------ DATA PROVIDED

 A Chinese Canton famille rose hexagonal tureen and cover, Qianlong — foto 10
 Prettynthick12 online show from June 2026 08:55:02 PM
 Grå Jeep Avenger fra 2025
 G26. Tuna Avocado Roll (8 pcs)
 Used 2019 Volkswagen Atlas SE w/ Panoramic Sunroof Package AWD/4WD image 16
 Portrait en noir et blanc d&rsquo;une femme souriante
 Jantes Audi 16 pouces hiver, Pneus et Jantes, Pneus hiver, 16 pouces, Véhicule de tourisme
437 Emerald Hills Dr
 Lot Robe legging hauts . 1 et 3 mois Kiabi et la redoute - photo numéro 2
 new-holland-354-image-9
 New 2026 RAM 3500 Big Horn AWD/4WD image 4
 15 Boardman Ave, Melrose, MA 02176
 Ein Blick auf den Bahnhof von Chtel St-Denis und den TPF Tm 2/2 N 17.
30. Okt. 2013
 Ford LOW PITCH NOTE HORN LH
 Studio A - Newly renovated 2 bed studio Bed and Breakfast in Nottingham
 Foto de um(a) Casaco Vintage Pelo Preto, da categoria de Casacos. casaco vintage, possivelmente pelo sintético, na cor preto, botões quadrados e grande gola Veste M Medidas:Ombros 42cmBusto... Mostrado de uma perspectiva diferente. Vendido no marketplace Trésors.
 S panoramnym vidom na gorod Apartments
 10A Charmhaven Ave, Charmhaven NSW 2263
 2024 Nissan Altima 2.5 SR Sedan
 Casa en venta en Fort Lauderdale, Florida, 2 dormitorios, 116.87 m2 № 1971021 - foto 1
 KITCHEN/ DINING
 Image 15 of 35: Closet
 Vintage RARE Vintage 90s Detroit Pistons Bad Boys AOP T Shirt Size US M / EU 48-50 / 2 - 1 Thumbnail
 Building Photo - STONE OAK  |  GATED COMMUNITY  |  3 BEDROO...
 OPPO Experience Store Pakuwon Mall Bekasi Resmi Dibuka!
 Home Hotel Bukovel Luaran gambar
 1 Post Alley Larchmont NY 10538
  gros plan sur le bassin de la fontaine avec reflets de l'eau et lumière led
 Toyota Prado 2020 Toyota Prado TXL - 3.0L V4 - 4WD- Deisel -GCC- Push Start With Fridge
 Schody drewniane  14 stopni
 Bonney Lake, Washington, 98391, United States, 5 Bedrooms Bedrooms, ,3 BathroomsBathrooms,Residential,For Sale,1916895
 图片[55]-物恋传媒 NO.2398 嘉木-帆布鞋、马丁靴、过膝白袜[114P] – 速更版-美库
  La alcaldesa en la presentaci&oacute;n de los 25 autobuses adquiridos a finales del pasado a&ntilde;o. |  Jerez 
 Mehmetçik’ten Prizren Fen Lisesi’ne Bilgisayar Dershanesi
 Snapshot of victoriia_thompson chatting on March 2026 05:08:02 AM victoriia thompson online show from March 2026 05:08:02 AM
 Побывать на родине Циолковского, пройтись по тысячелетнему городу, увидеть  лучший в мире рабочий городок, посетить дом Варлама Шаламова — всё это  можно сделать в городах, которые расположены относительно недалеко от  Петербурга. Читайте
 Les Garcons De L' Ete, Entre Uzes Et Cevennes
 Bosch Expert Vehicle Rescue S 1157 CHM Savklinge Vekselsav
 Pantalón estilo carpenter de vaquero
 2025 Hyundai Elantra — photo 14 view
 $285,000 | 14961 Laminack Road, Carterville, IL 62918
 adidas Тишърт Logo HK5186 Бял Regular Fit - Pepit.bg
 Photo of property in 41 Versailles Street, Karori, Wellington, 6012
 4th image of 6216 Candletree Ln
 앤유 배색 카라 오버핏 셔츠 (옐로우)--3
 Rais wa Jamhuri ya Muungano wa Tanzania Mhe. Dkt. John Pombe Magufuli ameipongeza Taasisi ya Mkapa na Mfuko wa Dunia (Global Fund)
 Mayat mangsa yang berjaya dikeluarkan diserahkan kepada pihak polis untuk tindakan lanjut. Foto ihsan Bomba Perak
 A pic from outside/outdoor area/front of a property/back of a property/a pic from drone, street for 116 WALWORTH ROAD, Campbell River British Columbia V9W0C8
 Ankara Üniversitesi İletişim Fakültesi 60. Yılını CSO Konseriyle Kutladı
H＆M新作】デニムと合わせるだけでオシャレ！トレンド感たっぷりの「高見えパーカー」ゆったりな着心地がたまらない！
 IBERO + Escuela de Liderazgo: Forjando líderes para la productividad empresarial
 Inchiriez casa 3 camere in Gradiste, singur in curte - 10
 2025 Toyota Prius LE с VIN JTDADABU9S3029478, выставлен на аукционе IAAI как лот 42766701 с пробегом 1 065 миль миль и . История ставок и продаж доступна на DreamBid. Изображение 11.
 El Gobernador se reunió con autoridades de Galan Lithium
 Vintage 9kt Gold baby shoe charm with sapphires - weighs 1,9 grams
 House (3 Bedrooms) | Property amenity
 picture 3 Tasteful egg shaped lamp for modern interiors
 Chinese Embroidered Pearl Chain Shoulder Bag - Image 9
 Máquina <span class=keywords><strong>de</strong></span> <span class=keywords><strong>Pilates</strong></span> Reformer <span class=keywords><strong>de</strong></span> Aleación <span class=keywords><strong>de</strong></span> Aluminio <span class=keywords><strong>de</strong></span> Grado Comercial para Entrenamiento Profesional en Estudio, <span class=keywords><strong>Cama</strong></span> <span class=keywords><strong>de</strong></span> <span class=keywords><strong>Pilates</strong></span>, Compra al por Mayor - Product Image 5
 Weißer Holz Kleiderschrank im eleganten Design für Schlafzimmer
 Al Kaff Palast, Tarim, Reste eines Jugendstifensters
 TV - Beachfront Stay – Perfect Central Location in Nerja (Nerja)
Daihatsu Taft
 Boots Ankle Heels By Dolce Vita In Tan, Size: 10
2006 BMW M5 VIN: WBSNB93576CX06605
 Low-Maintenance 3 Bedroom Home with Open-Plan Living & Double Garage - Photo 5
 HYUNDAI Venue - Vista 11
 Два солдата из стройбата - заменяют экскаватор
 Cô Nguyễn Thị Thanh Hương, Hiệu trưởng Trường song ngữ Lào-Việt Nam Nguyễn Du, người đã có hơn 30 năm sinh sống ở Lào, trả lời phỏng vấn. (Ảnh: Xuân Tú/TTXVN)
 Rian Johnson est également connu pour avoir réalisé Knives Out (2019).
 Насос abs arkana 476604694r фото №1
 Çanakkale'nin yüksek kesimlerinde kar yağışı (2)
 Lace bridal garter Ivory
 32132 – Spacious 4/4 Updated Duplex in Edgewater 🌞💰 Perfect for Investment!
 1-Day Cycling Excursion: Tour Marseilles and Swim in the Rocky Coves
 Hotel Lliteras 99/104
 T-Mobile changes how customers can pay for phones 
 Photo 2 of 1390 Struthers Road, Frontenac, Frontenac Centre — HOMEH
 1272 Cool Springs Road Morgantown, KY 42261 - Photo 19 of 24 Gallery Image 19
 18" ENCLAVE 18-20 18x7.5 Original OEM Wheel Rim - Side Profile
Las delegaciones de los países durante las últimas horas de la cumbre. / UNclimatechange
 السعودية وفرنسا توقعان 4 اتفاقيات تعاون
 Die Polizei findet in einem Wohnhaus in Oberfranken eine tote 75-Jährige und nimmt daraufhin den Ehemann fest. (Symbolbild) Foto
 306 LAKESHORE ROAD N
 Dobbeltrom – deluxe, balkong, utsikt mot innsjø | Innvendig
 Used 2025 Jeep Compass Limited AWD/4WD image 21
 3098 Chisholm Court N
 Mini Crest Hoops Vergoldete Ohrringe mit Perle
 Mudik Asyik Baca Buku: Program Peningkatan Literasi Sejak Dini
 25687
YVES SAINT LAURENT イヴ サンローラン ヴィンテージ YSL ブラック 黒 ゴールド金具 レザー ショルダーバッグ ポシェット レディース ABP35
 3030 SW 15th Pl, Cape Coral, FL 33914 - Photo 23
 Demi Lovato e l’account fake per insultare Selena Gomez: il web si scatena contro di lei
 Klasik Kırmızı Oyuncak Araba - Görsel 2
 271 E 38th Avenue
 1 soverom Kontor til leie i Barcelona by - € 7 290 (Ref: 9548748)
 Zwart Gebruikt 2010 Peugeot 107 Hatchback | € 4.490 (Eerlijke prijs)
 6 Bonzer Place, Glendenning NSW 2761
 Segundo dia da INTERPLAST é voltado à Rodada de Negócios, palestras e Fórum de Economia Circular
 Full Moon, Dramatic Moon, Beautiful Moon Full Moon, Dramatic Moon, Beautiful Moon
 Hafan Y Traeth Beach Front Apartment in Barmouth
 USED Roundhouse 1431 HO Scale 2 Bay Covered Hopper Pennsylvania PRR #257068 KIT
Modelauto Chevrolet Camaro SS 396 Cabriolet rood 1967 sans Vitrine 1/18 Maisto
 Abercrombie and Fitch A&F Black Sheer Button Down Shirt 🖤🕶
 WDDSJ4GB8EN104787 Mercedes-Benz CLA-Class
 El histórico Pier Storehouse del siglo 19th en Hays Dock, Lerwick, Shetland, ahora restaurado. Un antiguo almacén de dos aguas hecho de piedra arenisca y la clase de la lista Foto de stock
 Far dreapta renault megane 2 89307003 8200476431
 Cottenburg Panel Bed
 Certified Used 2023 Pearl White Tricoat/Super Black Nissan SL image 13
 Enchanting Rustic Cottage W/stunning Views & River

------------

THE PROBLEM ->
Among the records above, extract exactly the lines from the line with "Full Moon, Dramatic Moon, Beautiful Moon Full" to the line with "Modelauto Chevrolet Camaro", both lines included, and leave out the rest.

SOLUTION FOR THIS PROBLEM ->
 Full Moon, Dramatic Moon, Beautiful Moon Full Moon, Dramatic Moon, Beautiful Moon
 Hafan Y Traeth Beach Front Apartment in Barmouth
 USED Roundhouse 1431 HO Scale 2 Bay Covered Hopper Pennsylvania PRR #257068 KIT
Modelauto Chevrolet Camaro SS 396 Cabriolet rood 1967 sans Vitrine 1/18 Maisto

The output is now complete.